Lamentablemente, el comportamiento abusivo y degradante del régimen de Nicaragua se beneficia de muchos silencios, el primero y más estruendoso ha sido, desde luego, el de la iglesia católica, cuya cabeza visible no reacciona ante el secuestro de uno de sus servidores. Y cuando uno intenta comprender las raíces de este silencio, se encuentra con un hecho que para muchos pasa desapercibido: en la iglesia católica existe una gran desigualdad entre los miembros que la sirven. Así como en el mundo laico hay organizaciones corporativas que juntan recursos, se someten a una estrategia y ejercen peso político y social, en la iglesia existen órdenes. Esas órdenes son las de los jesuitas, los franciscanos, los dominicos, los lasallistas y, más recientemente, el Opus Dei y los legionarios de Cristo.

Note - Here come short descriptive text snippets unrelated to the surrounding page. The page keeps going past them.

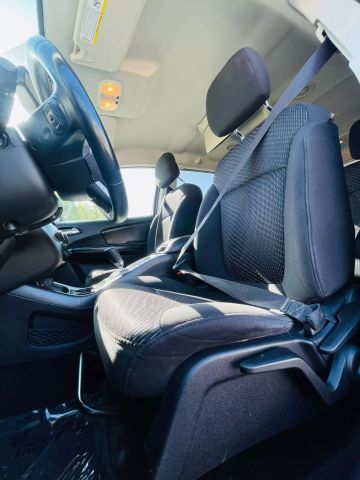 2015 Dodge Journey - Image 18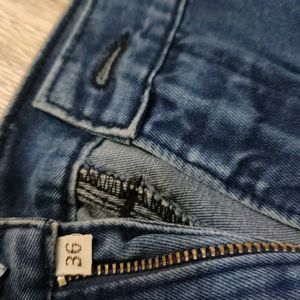 Best Quality Jeans For Men (N.79)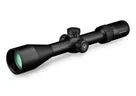 Diamondback® Tactical Scopes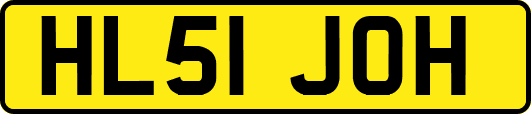 HL51JOH
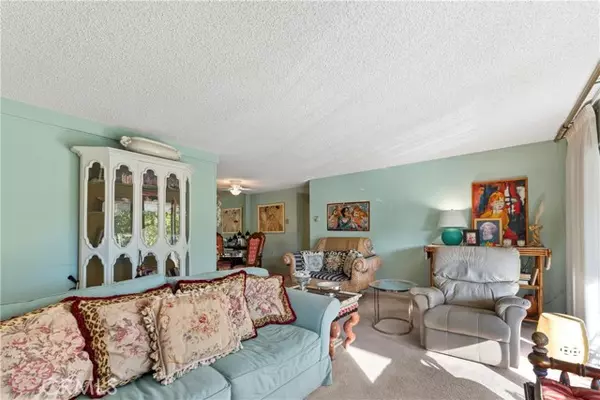 Laguna Woods, CA 92637,2171 Via Mariposa East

Todas estas órdenes hacen valer sus derechos y conminan a hacerles respeto por su capacidad para movilizar recursos, atraer audiencias y movilizar a la ciudadanía. Y estas órdenes participan en los equilibrios de poder del Vaticano, cuya curia está conformada por ejércitos rivales que constantemente luchan por expandir su cuota de poder. Al lado de estas órdenes están los sacerdotes diocesanos, que son designados para servir una determinada parroquia. Los sacerdotes diocesanos solo cuentan con el magro presupuesto de la diócesis, las contribuciones de sus fieles y las donaciones filantrópicas de algún parroquiano que tuvo suerte en la vida. Su círculo de influencia es la parroquia y mientras menos encumbradas sean las parroquias, mayor será la dedicación que deben tener los sacerdotes diocesanos y menores los recursos para crear instituciones y redes que les permitan influir en la toma de decisiones de la iglesia. Los sacerdotes miembros de órdenes, por el contrario, gozan del privilegio de contar con instituciones de apoyo centenarias. Esas instituciones son parte del entramado de las élites de todo país y, por tanto, cuentan con recursos de poder y alta capacidad para influir en las sociedades en que operan. Los diocesanos, por el contrario, son una suerte de siervos de la gleba en pleno siglo XXI. Como tal, carecen de capacidad para influir en la toma de decisiones de la iglesia o de las sociedades en que viven. Son los olvidados de la tierra, como el silencio vaticano y de toda la iglesia lo prueba con ocasión de la persecución que sufre el obispo Álvarez en Matagalpa, Nicaragua. Y uno se pregunta, ¿por qué este Papa, que tanto adhiere a la igualdad, no inicia la práctica dentro de la iglesia católica?